* [PROVIDED MATERIAL]
+---+

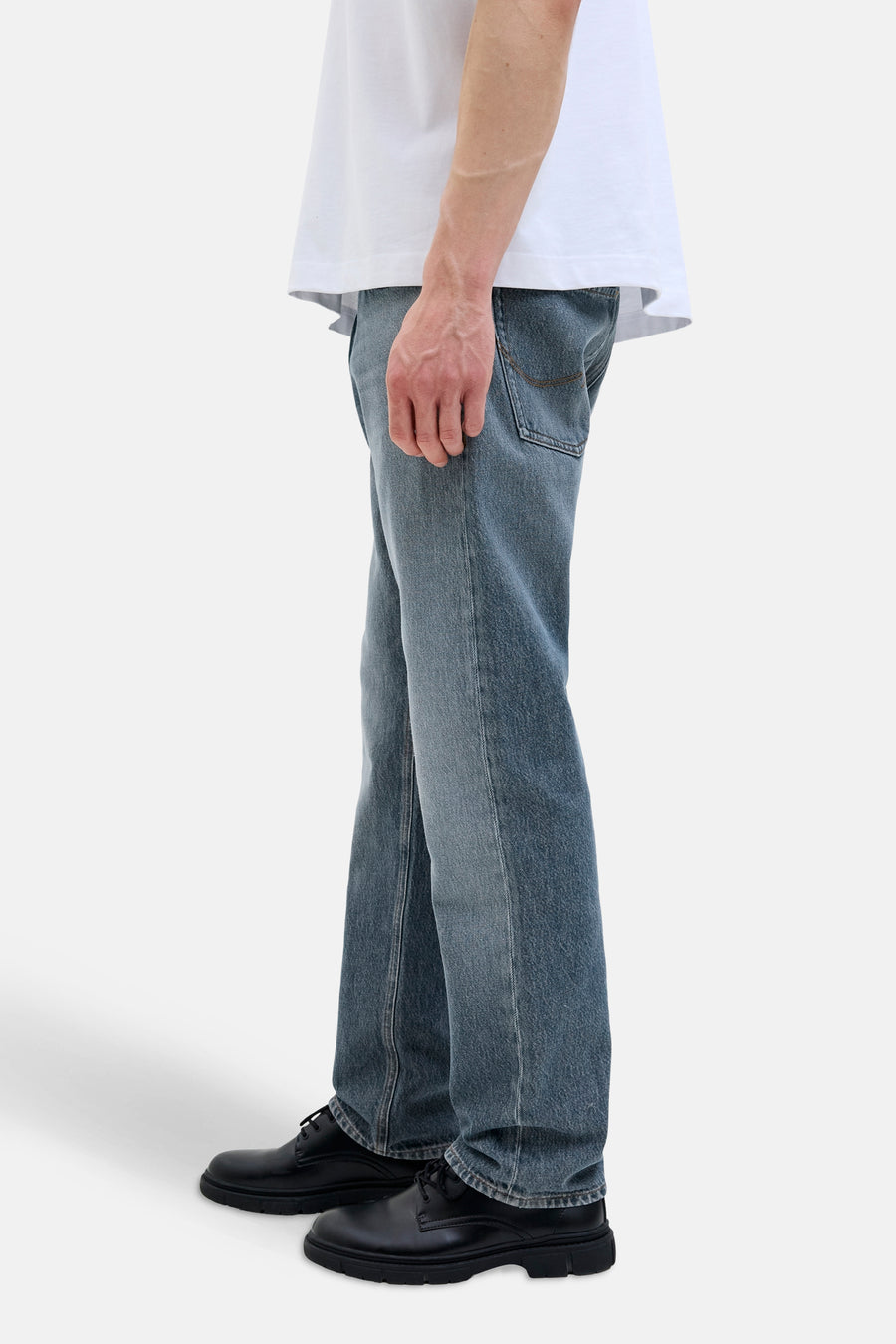 Jean fuselé en denim bleu moyen de JACK & JONES JEANS INTELLIGENCE avec des chaussures noires à lacets.
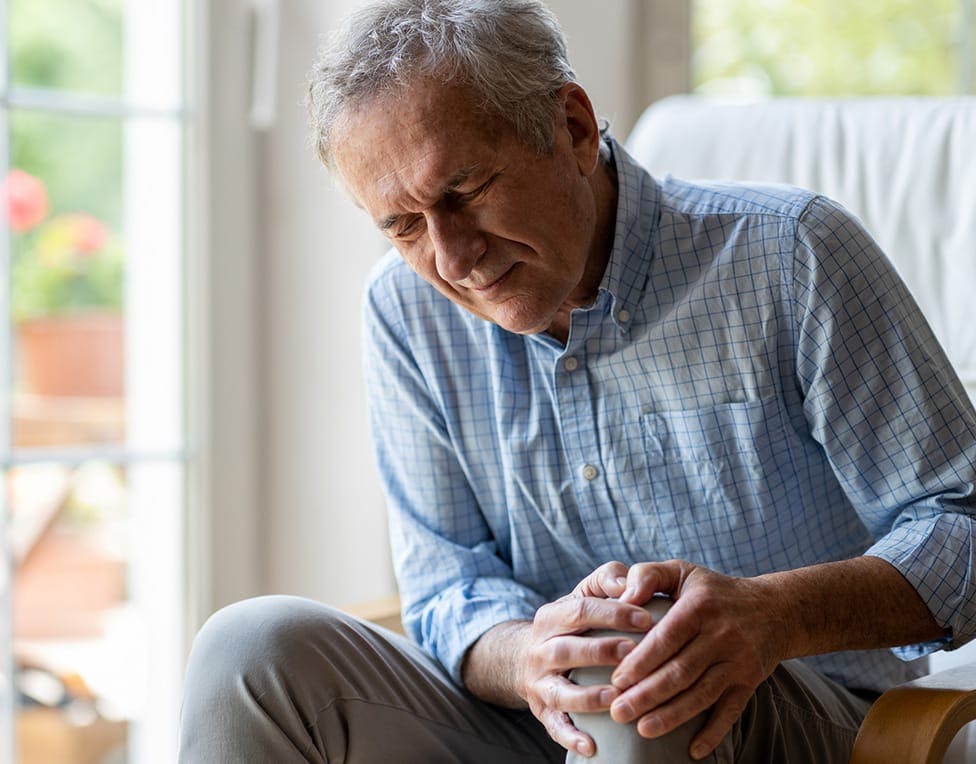 man holding his knee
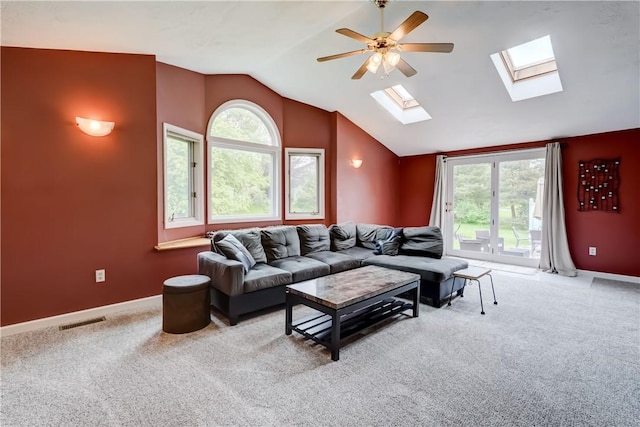 16 Canterbury Trl, Penfield, NY 14450 - carpeted living room with a skylight, vaulted ceiling, a ceiling fan, and baseboards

+---+

* [PROBLEM TO WORK ON]
With the pictures removed, return the listing above in its exact original wording.

* [RESPONSE BOX]
 Jean fuselé en denim bleu moyen de JACK & JONES JEANS INTELLIGENCE avec des chaussures noires à lacets.
 man holding his knee
 16 Canterbury Trl, Penfield, NY 14450 - carpeted living room with a skylight, vaulted ceiling, a ceiling fan, and baseboards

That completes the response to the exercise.